Her gazetenin bir gay köşe yazarı var, bunlar rahat rahat hiç çekinmeden yazarlar.
Buna muhafazakar gazeteler dahil, adamlar rahat rahat, artık gecelerde eş değiştirme çok normalleşti diye yazabiliyor.
Bir diğer köseci gay, hayat çok modernleşti geceleri kadınlar partner aramaya kulüplere gidiyor, tuvalette sevişmek çok normal, diye yazabiliyor.
Çok şanslılar, gazeteleri bir şey demez.
Bütün komedi dizilerinin bir gay oyuncusu vardır.
Sahne alanlara bakın, gece kulüplerinde onca gay var.
Televizyon programlarının da çok sevilen bir gay sunucusu vardır.
Adam gay, herkes bilir, kadın erkek ilişkisinde danışmanlık yapar, evlilik danışmanlığı yapar, koçluk yapar.
Ya modacı gay’ler, o kadar meraklısı, müşterisi vardır ki, azarlaya azarlaya terzilik yapar, insanları giydirirler, ona rağmen meraklısı çoktur.
Instagramda, en tuhaf, en arsız, en çirkef, en isterik paylaşımları yapan gay’lerin binlerce, milyonlarca takipçisi olur, diğer analar kurban olsunlar sana, diye like ederler.
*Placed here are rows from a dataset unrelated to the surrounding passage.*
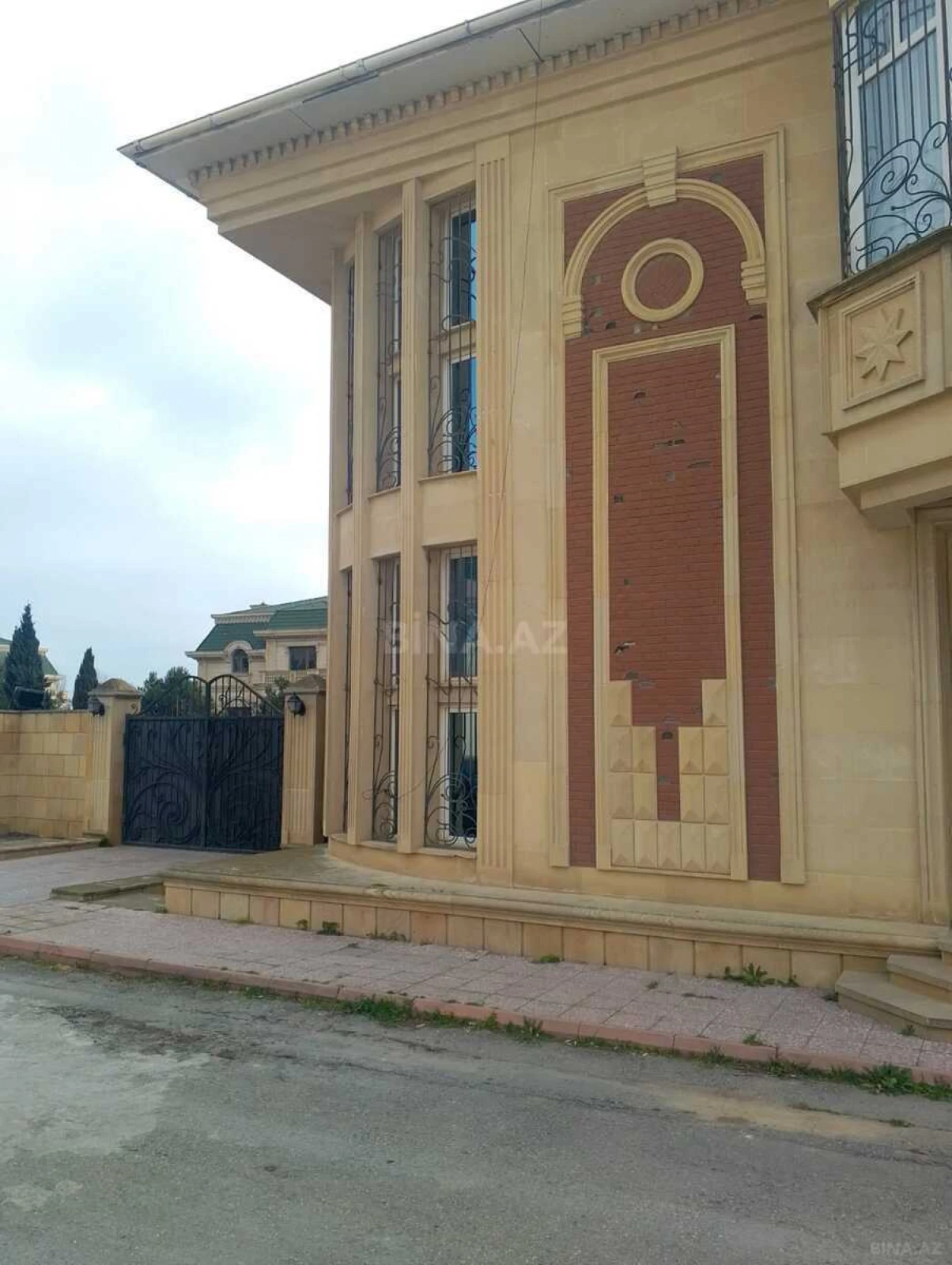 Kirayə verilir 6 otaqlı həyət evi 560 m²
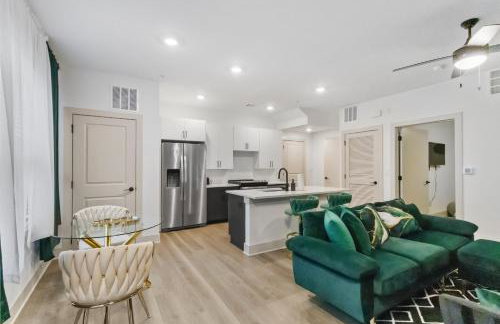 Designer East Atlanta 1BR Chic Amenities & Vibes - Photo 5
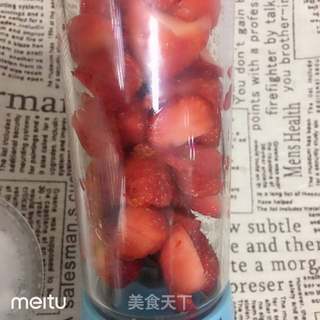 草莓慕斯蛋糕的做法步骤:2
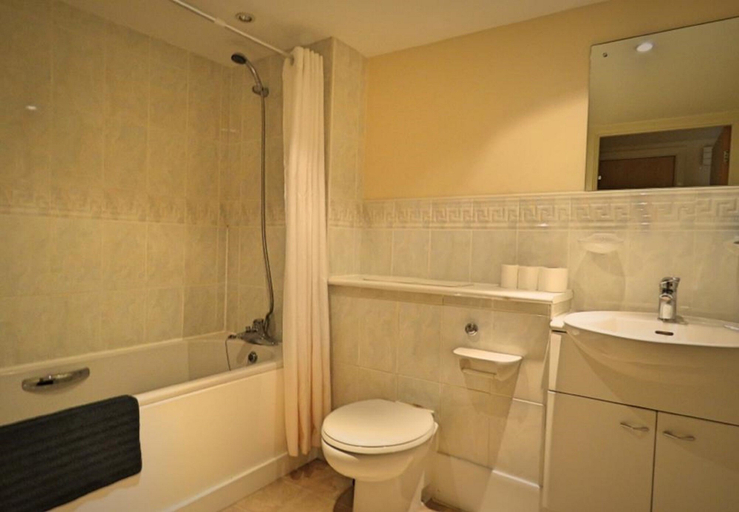 Bathroom 4, Harley Serviced Apartments - West Point, Sheffield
Bu beyler inanılmaz paralar alarak tanıtımlara giderler.
Ben televizyon programında arsız Kerimcan'ın elindeki çantaya bakıp, aaa bu kadın çantası, aynısı benim de var demiştim.
Evet kadın çantası idi.
Vay arkadaş! Sen misin böyle diyen, Hürriyetin gay yazarı homofobik kadın diye, başlık atıp demediğini bırakmamıştı.
Habertürk’ün gay yazarı, sen geceleri gezmiyorsun, hepimizin elinde o çantadan var, geri kalmışsın diyerek, beni yaşımdan vurmak için demediğini bırakmamıştı.
Sıkıysa Kerimcan ve onun gibilere bir şey söyle, bir şey yaz, bak neler ediyorlar, bak nasıl demediğini bırakmıyorlar.
Kadın, erkek, diyorsan gay de diyebilmelisin değil mi?
Sıkıysa de.
Valla bu ülkenin Cumhurbaşkanına laf söylemek daha kolay, insanlar Cumhurbaşkanından korkmaz çekinmez, bu arkadaşlardan korkar.
Demem o ki bence çok şanslılar.
Bir anaya, bir babaya, bir gay’in hikayesini anlattığında, Allah korusun diye, kulağının memesini çekip, tahtaya üç kere vururlar.
Sonra, hayatlarına başkasının gay’ini alkışlamak, like etmek üzerine devam ederler.
Bu, şahane ikiyüzlülükten en çok nasibini alan sizlersiniz.
Daha ne istiyorsunuz, çok şanslısınız.
Funda'nın aklındakiler...
... Çankaya Üniversitesi Hukuk fakültesi hocalarından akademisyen Ceren Damar, inanılmaz bir cinayete kurban gitti ve hunharca öldürüldü.
Çok genç bir kadın Veren Damar, öğrencisini kopya çekerken yakalıyor.. Ceza veriyor, puanın kesiyor.. Öyle ya hukuk adalet dağıtacak bir mesleği seçen öğrencinin kopya çekmesi kabul edilemez.
Öğrenci, suratına bak, tamam bu katil dersin, öyle biri, hocasının odasına giriyor önce bıçaklıyor sonra silahla vuruyor.
İnanılır gibi değil.
Ailesi, nişanlısı, bu elim olayın neresinden tutsunlar, ne yapsınlar, Allah gerçekten sabır versin.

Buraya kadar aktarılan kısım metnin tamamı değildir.